Here, most Christians believe, is the original stable in where Jesus was born. This theory has recently, to much chagrin, been contested by Aviram Oshri, an Israeli Antiquities Authority archaeologist, who maintains that the Bethlehem mentioned in the Bible was actually another one, near Nazareth, in Israel. "First," grumbles the tour guide, "they take our freedom, then our livelihoods, and now they want to take the Baby Jesus, too."
The grotto, swathed in brocade is low, narrow, and shaped to represent Jesus on a crucifix. It's dimly lit, and an air of magic, mystery, and sanctity mingles with thick incense and a faint smell of musty curtains. "Oh, like, wow!" exclaims a white-sneakered, baseball-capped American woman, reaching for a digital camera.
"There," points their guide, in the spirit of 'X marks the spot,' "is the place where Jesus was actually born." The spot is marked neatly by a 14-point silver star set in the floor. The guide shakes his head sadly: "Once there was such a long queue to get in that we allowed each person only two minutes in here. Look at the star, touch the star, photograph the star, then move along.
"Now," he sighs glancing at his watch, "they can stay as long as they want."
The next stop, especially for those anxious for their own bundle of joy (preferably with a crib for a bed), is the Milk Grotto. In this cave, legend has it, Mary nursed the infant Jesus, and, when a drop of her milk spilled, the cave turned white.
The grotto's rock still gleams white – though, in full view, a work crew gives the ceilings a fresh lick of white paint. For centuries, women from across the world have visited the Milk Grotto to pray for fertility, even taking away chips of cave rock, to place under their mattresses. One local tour guide, father of six and with another unexpectedly on the way, grins: "Perhaps I've been here too often."

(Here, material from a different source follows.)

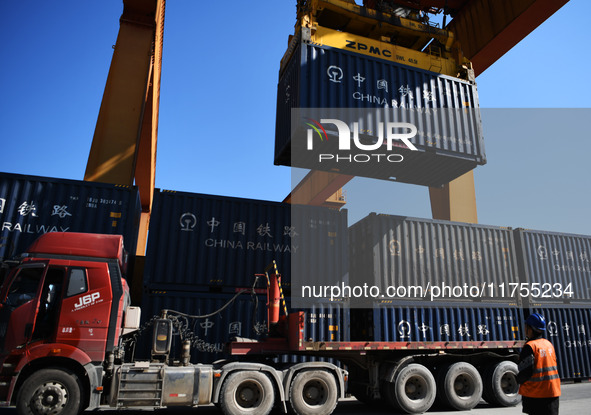 A gantry crane lifts containers at the Nanchang International Dry Port in Nanchang, Jiangsu province, China, on November 7, 2024. 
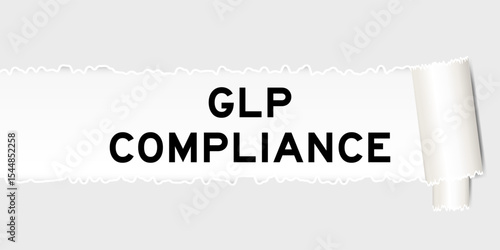 Ripped gray paper background that have word GLP (Abbreviation of Good laboratory practice) compliance under torn part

Any self-respecting Christmas tourist's agenda includes Shepherds' Fields, outside the town. The New Testament says this is where the shepherds were watching their flocks when they were visited by an "angel of the Lord" who told them, "For unto you is born this day in the city of David a Saviour, which is Christ the Lord." Here, amid fragrant pines nailed with mystifying "No Eating" signs, there's a squat, modern church shaped like a shepherd's tent and an underground nativity scene complete with a surprised-looking stuffed sheep.
With Israeli settlements encroaching on the horizon along with the overspill from Bethlehem, it's hard to imagine those few solitary shepherds witnessing that moment of wonder all alone. But, with the tour group a good few steps behind, it's a tranquil spot to savor Bethlehem's enduring, endearing connection to the Christmas story – if not to savor that festive mince pie.
Back in Manger Square, a modest crowd forms for the annual lighting of the Christmas tree, performed (this past Friday) with as much pomp and ceremony as local officials can muster. Just behind the tree, a waiter at the Bar Casanova drapes Christmas lights around a window. Nearby, a postcard seller closes up shop.
A few years ago, Bethlehemites were looking forward to a tourist-filled new millennium. Now, tour guides, touts, and trinket-sellers would be happy with the coming of just a few wise men – preferably with space to fill in their Christmas stockings.